Here's what happens when I run the code

(.venv) pi@raspberrypi:~ $ rpi-deep-pantilt track leopard  --rotation=180
Process Process-2:
Traceback (most recent call last):
  File "/usr/lib/python3.7/multiprocessing/process.py", line 297, in _bootstrap
    self.run()
  File "/usr/lib/python3.7/multiprocessing/process.py", line 99, in run
    self._target(*self._args, **self._kwargs)
  File "/home/pi/.venv/lib/python3.7/site-packages/rpi_deep_pantilt/detect/camera.py", line 30, in run_pantilt_detect
    model = model_cls()
  File "/home/pi/.venv/lib/python3.7/site-packages/rpi_deep_pantilt/detect/leopardtflite.py", line 51, in __init__
    self.model.path = '/home/pi/.venv/lib/python3.7/site-packages/rpi_deep_pantilt/detect/leopard.tflite'
AttributeError: 'leopardtfliteModel' object has no attribute 'model'
^C[INFO] You pressed `ctrl + c`! Exiting...
[INFO] You pressed `ctrl + c`! Exiting...
[INFO] You pressed `ctrl + c`! Exiting...

Aborted!

Any guidance you can provide on custom model implementation would be super appreciated. 🙏 I've also attached the cli file and leopardtflite.py file for reference.

leopardDetection.zip

leigh-johnson commented 3 years ago

Hey @Kasi21, hope you've been well. I laid some groundwork for a v2 API that will make custom model/predictor code easier to implement.

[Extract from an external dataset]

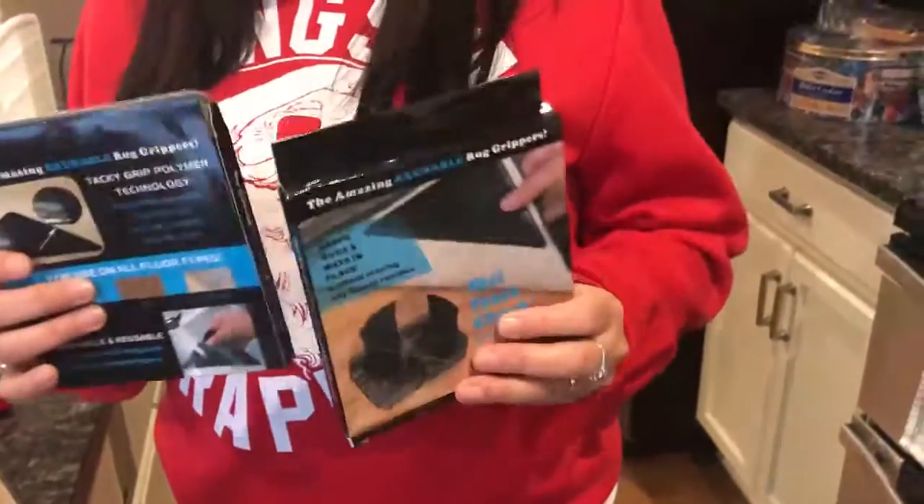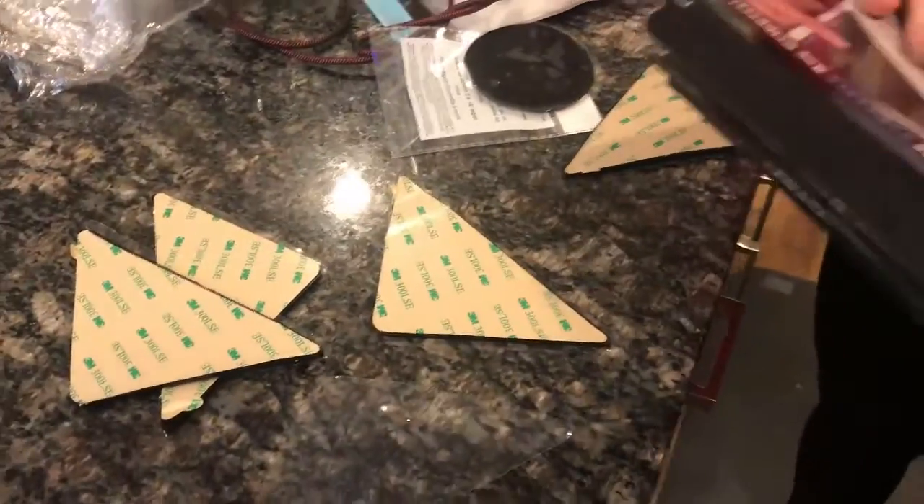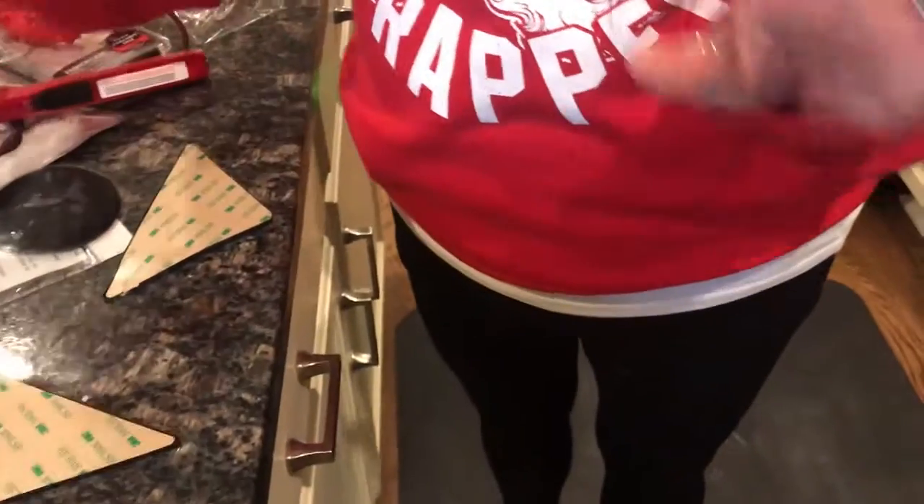This also comes in two packages and each package has four, so it comes with a total of eight, which I'm in love with. So four of the square ones and one of the round ones in each of them. These are so affordable and they're also rewashable as well, so you can wash them and use them again, which I really love.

I'm taking a look at the leopard_detection_v1.h5 you emailed me, but unfortunately it looks like this model was trained using Tensorflow 1.15? I can only support TensorFlow 2.0 models (no plans to support TensorFlow 1.x right now). I'm looking at the requirements.txt in this repo for ref: https://github.com/xuannianz/EfficientDet/blob/master/requirements.txt https://github.com/xuannianz/EfficientDet

Your Google Cloud AutoML model should work though! If you want to upload/email me that model, I can put together an example. =)

timayy commented 3 years ago

Hey @leigh-johnson, you mentioned a Google Cloud AutoML model would work? Could you explain how and edge export of one could be used; would it follow a similar format to your SSDMobileNet_V3_Coco_EdgeTPU_Quant classes?

Thanks in advance :)

Edit: Also, to make sure I'm training the right models - do you have any resources on how to train SSD v3 models (likely using ssd_mobilenet_v3_small_coco_2019_08_14 as well)?

Edit2: Ended up getting all of the above working with your newest release! Along with giving my model EdgeTPU supports (using the edgetpu-compiler (older version due to unsupported runtime).